I think it is probably a combination of these three angles, but primarily because I don’t think the Taliban are that closely connected to AQ, either in ideology or operations, anymore, Mullah Omar’s personal family ties to Bin Laden notwithstanding.  They have never had the international terrorist agenda of AQ and Bin Laden’s time in Afghanistan was more of a marriage of (inconvenience) that a whole-hearted merger of ideas, goals and values.  But AQ fighters and experts (particularly IED and bomb-making) certainly continue to eat, sleep, fight and die operate alongside Afghan and Pakistani Taliban in the borderlands of these countries.

Might Mullah Omar go the same way?

There is a case to be made that the death of Mullah Omar would make things much more fragmented and chaotic in Afghanistan and further reduce the chances of viable peace deals.  Who would you talk to and what would emerge in his place?  But I suspect that a key US goal will be to eliminate Mullah Omar if they get a sniff of his whereabouts, whether he is in Afghanistan of Pakistan, because it would fit the increasingly flimsy definition of “success”, post-Chicago.  Essentially, blow him up and let the consequences be worried about by someone else.

Mullah Omar has been elusive as Osama Bin Laden and you can perhaps make a case that Mullah Omar is in a similar position to that of Bin Laden in the latter months and years of his life.  Perhaps he is holed up with part of his family in a low profile compound with limited facilities in or around Quetta, dependent upon one television for his information.  It would make sense – particularly after the manner of Bin Laden’s death – that he is now more or less in complete isolation with nothing but a handful of very trusted followers/messengers to enable him to keep in contact.

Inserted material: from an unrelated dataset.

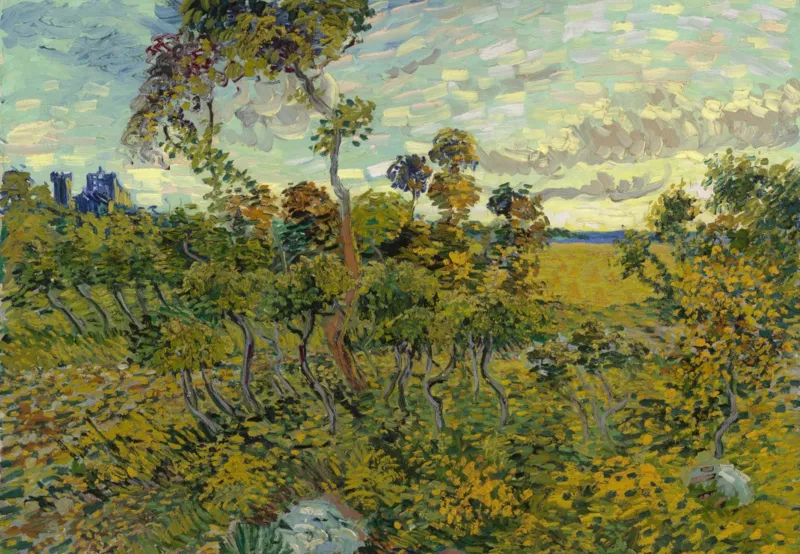 Vincent Van Gogh - Coucher de Soleil à Montmajour, 1888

Command and control would be very difficult and probably frustrating.  He may be finding it difficult to keep the leadership council together amidst “political” and “military” group rivalries.  At a time when the Taliban commanders in Quetta and, perhaps more crucially, in the field in Afghanistan, are increasingly concerned and confused amid the swirling rumours of talks or no talks, Mullah Omar is less able than ever to exert a clear, calming and directing influence.  Perhaps Omar’s infrequent media statements now represent his best opportunities for communicating his instructions to the fighters?

However, I think the big difference is that it is much more likely that Pakistani military intelligence personnel actually know where he is (even if Zardari and the civilian government do not) and how to get messages to him.  But I don’t necessarily think that this is something that the Taliban are comfortable with.